--- Items listed in a dataset ---

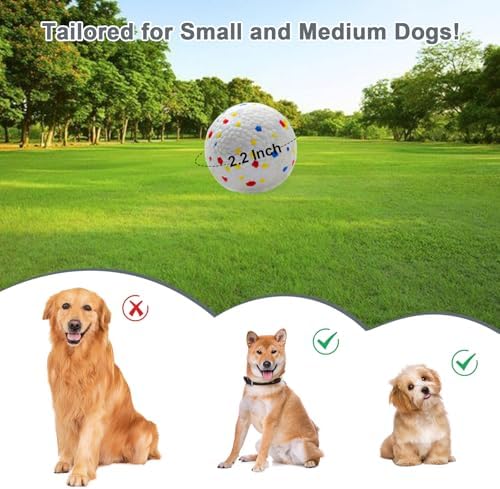Dog Toy Balls 2.2 Inch, Indestructible Dogs Balls 5 Pack for Aggressive Chewers, Durable Interactive Toys for Small and Medium Puppy, Perfect for 2.2" Automatic Dog Ball Launcher (ETPU Material) - Image 4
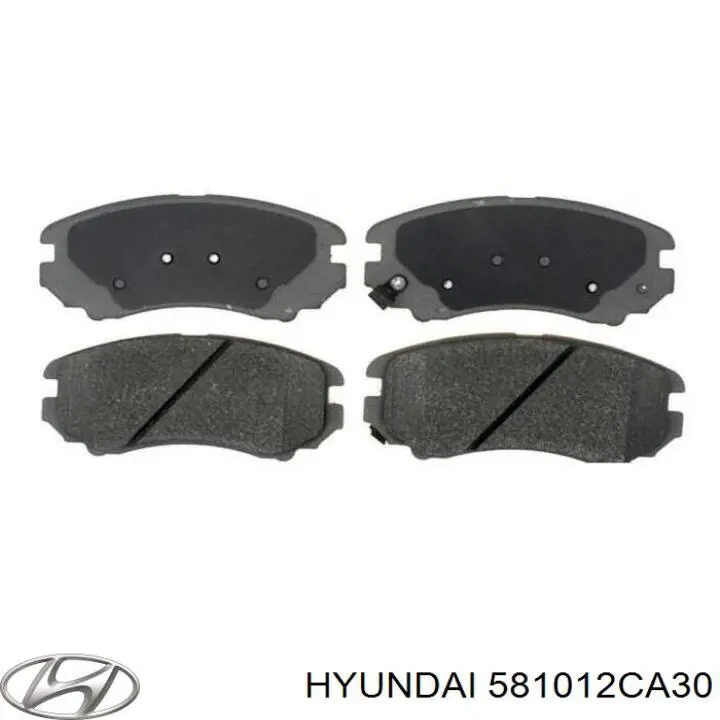 Передні тормозні колодки 581012CA30 Hyundai/Kia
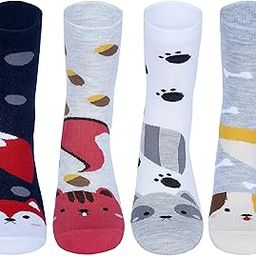 Women's Crew Length Combed Cotton Socks (Packs Of 4 And 5) (SW-FNKY4_Multicolour)-image-30
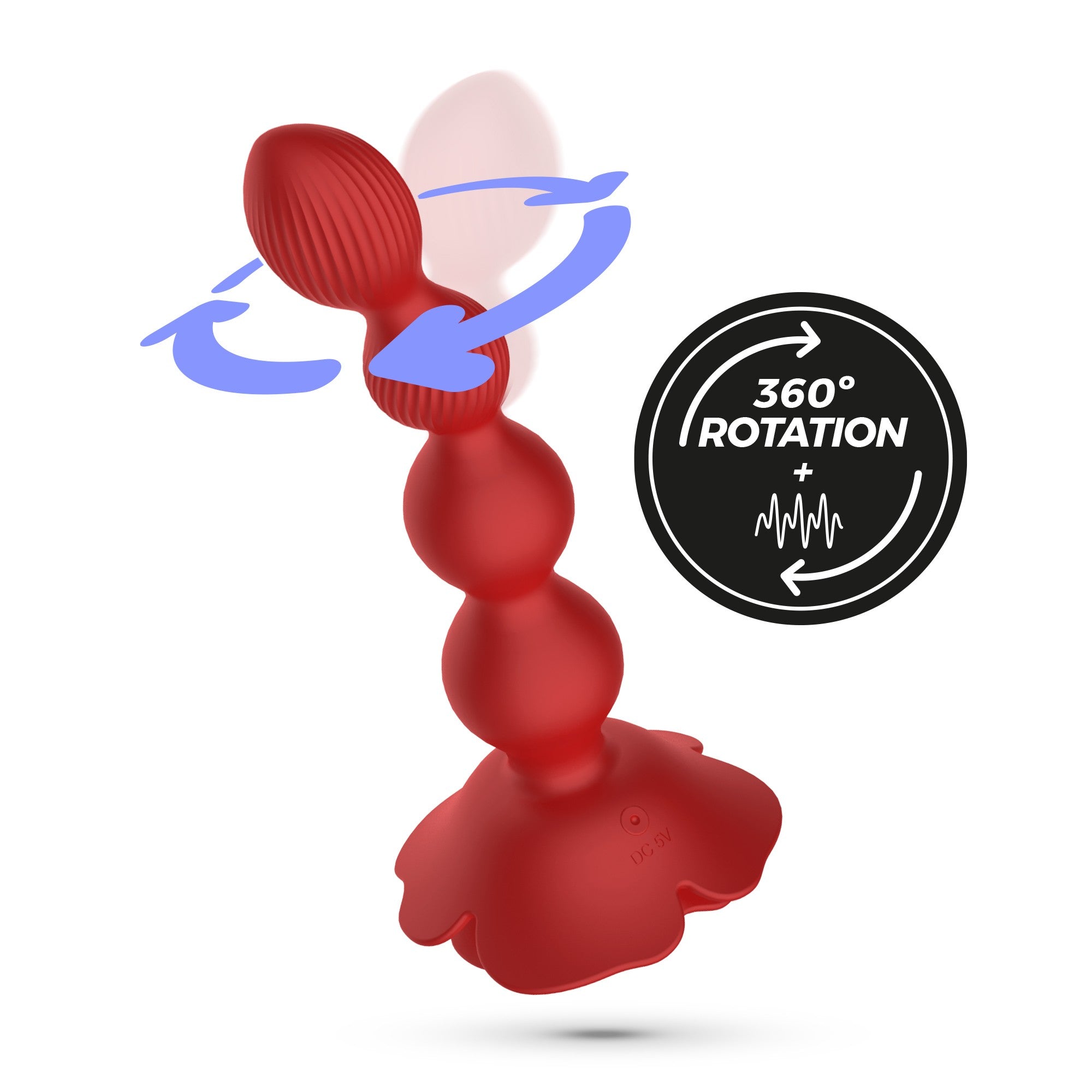 CRUSHIOUS | Rosaline – Rotating Vibrating Anal Plug with Remote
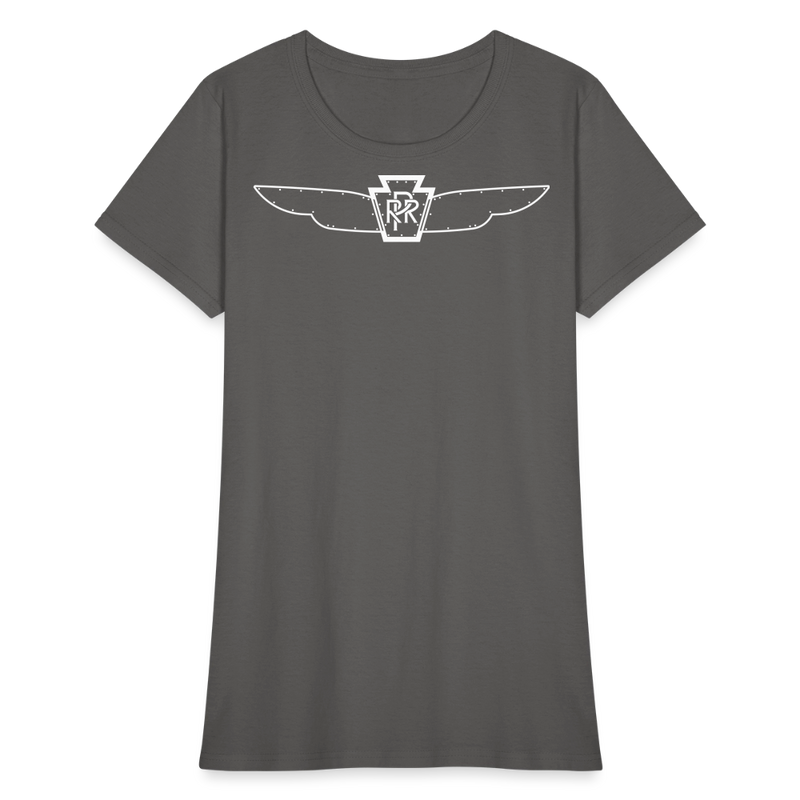 Pennsylvania Streamlined K4 Wings Herald - Women's T-Shirt - charcoal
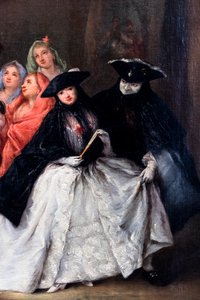 Der Scharlatan (Detail), ca. 1757 von Pietro Longhi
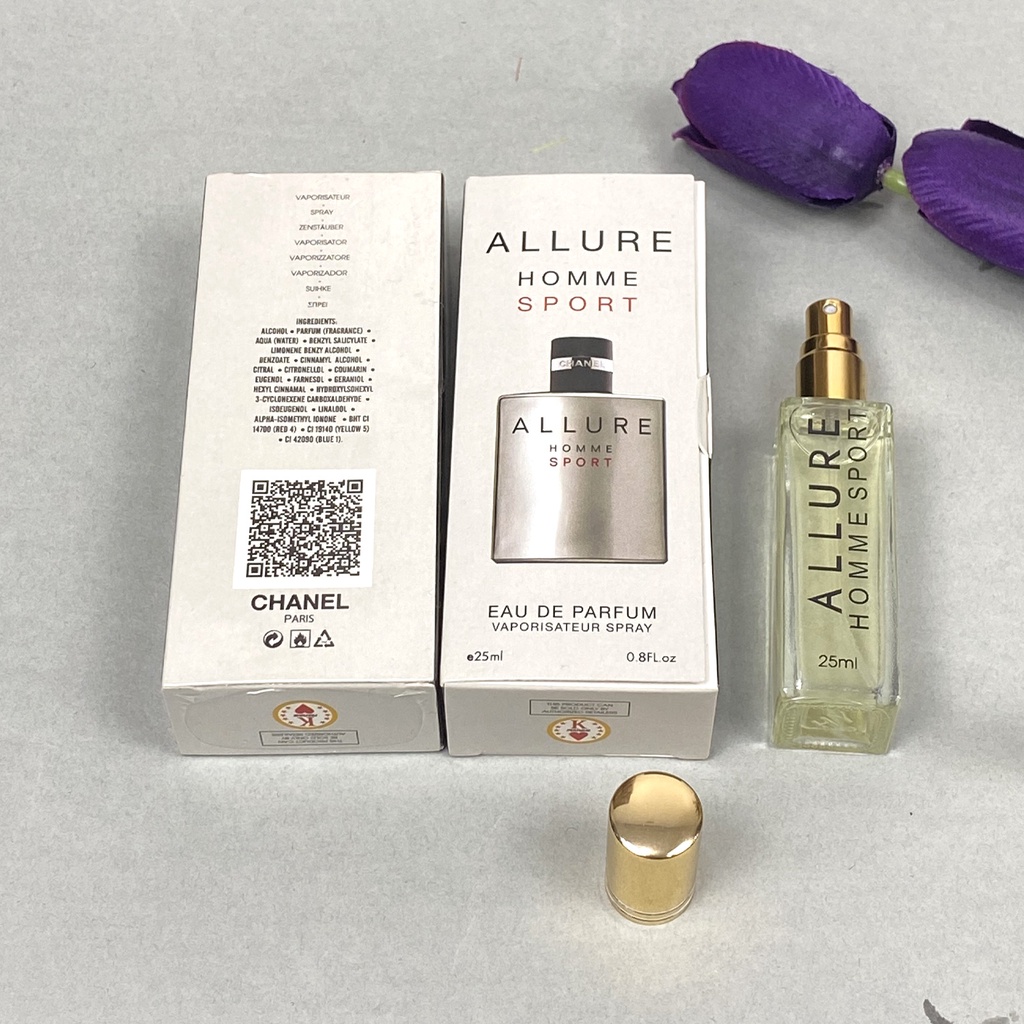 Nước hoa nội địa trung allure homme sport 25ml thơm lâu nhóm hương thể thao năng động
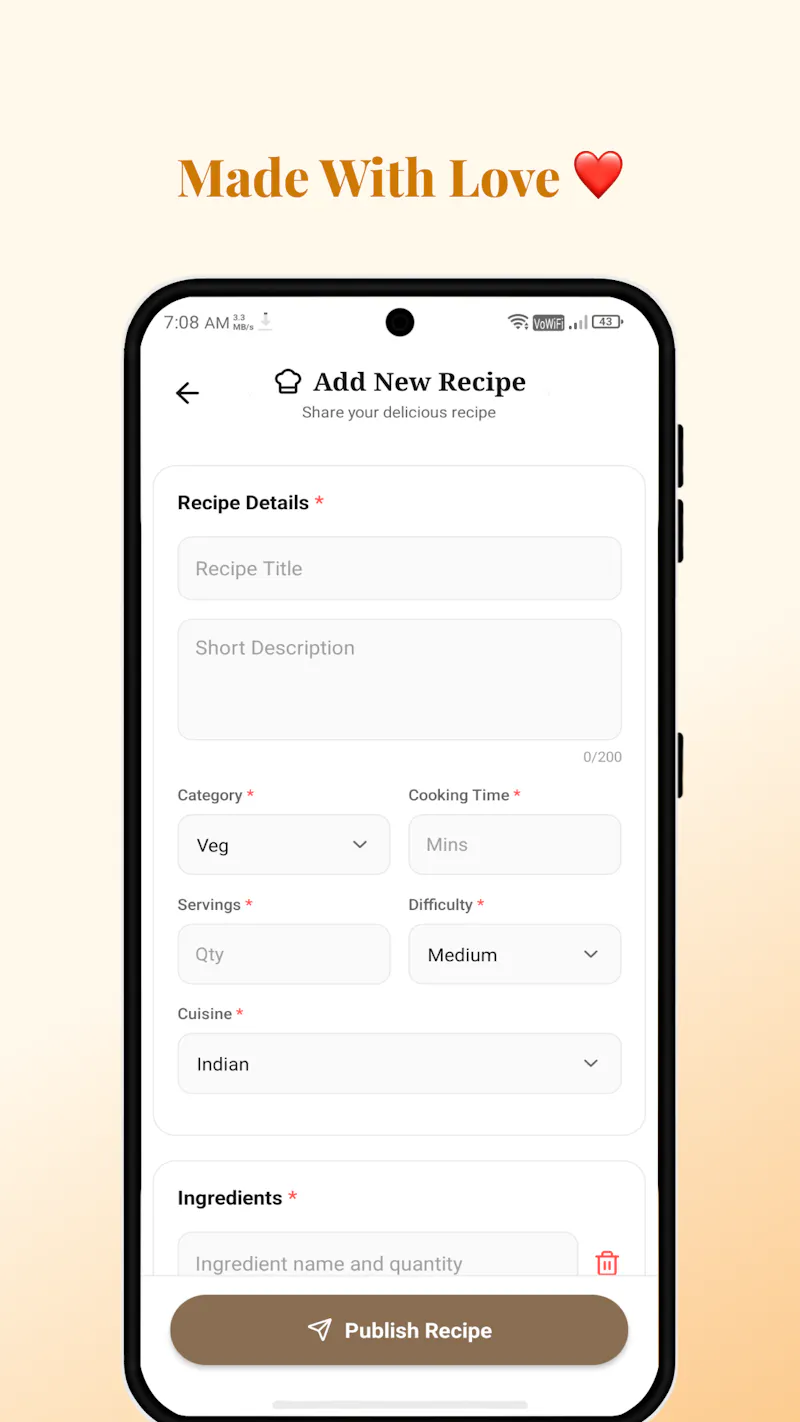 Cook Crafter: Recipe Community screenshot 7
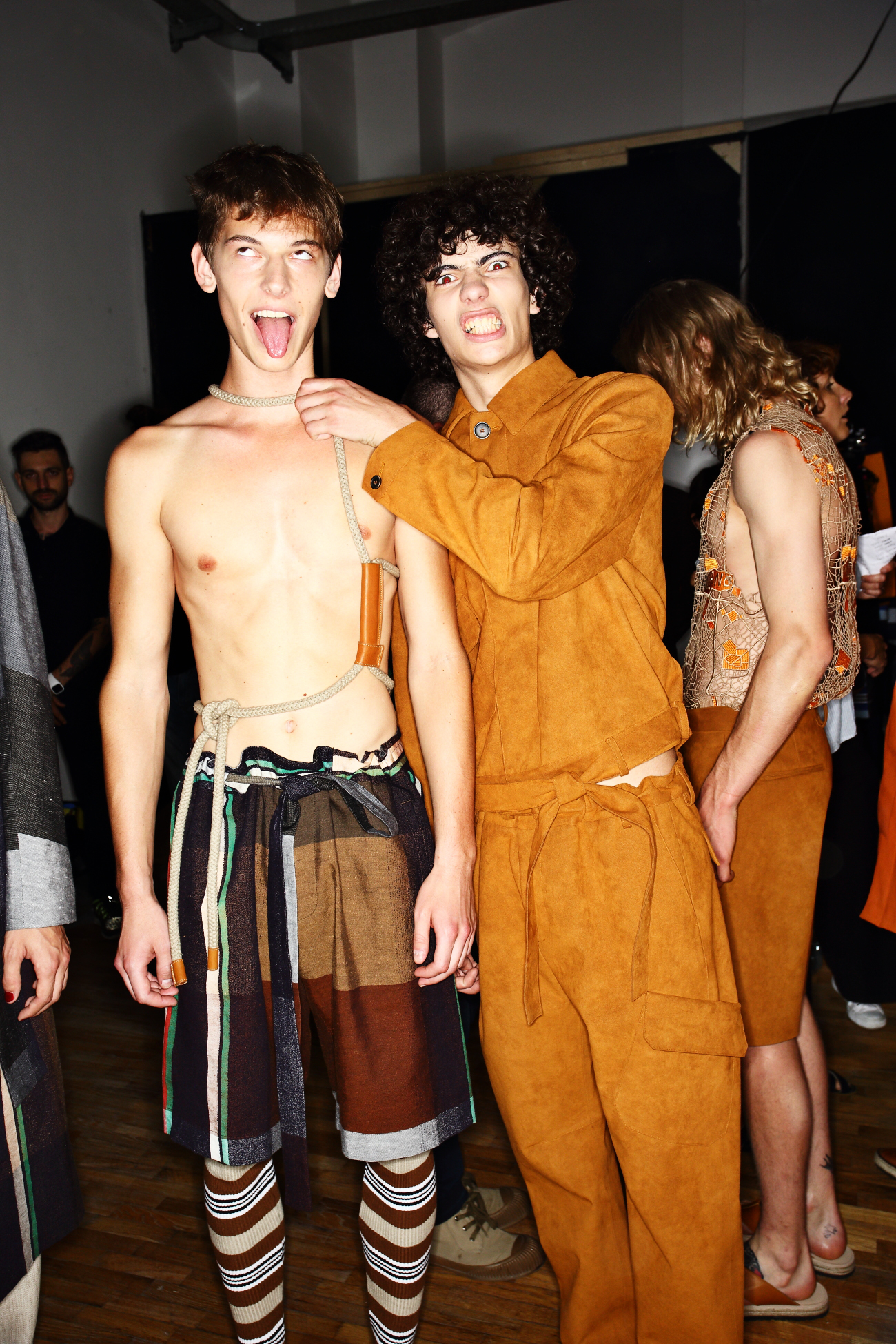 MSGM SS16 Men Fashion Show Milan Backstage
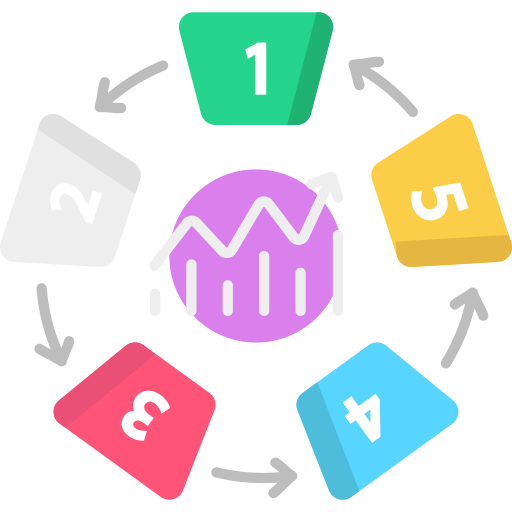 Statistics SBTS2018 Flat icon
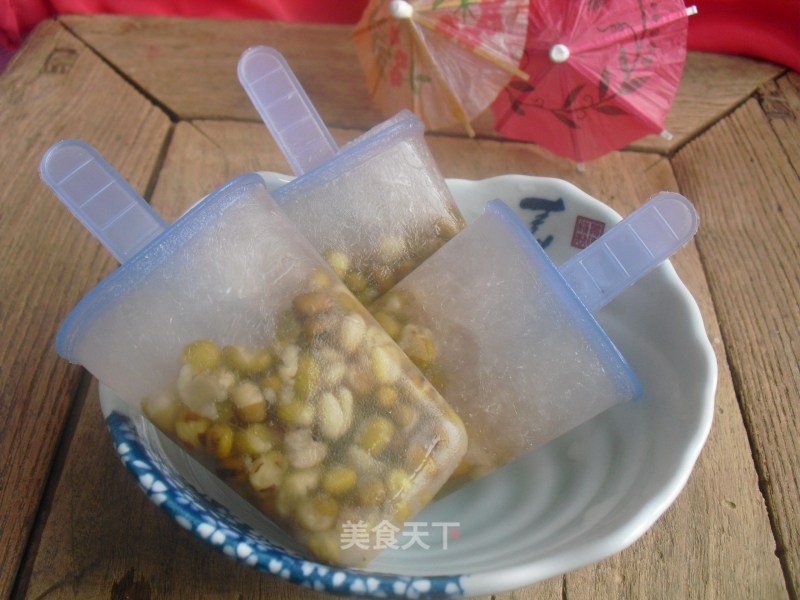 绿豆冰棍的做法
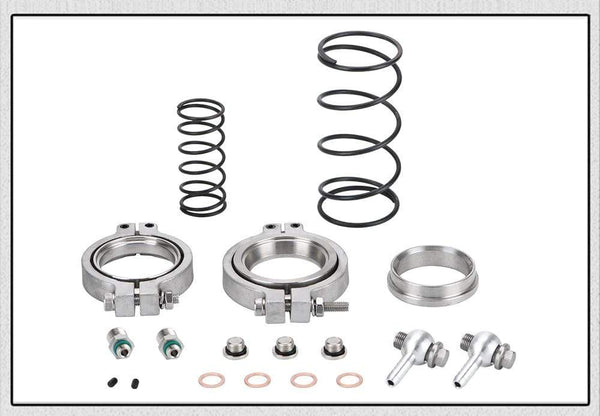 Planet Gates Water Cooler 44mm Wastegate External Turbo With Flange Hardware MV-R Water Cooled With Logo Red Blue Black PQY5834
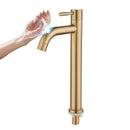 Touch-Waschtischarmatur SDSN SUS304 Edelstahl-einzelner kalter Badezimmer-Waschtisch-Hahn-Sensor-Schwarz-Waschtisch-Hahn-Touch-Control-Armaturen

--- WORK ITEM ---
Reproduce exactly, without any picture, the lines from the one bearing "MSGM SS16 Men Fashion Show Milan Backstage" to the last line of the records above.

--- ANSWER BELOW ---
 MSGM SS16 Men Fashion Show Milan Backstage
 Statistics SBTS2018 Flat icon
 绿豆冰棍的做法
 Planet Gates Water Cooler 44mm Wastegate External Turbo With Flange Hardware MV-R Water Cooled With Logo Red Blue Black PQY5834
 Touch-Waschtischarmatur SDSN SUS304 Edelstahl-einzelner kalter Badezimmer-Waschtisch-Hahn-Sensor-Schwarz-Waschtisch-Hahn-Touch-Control-Armaturen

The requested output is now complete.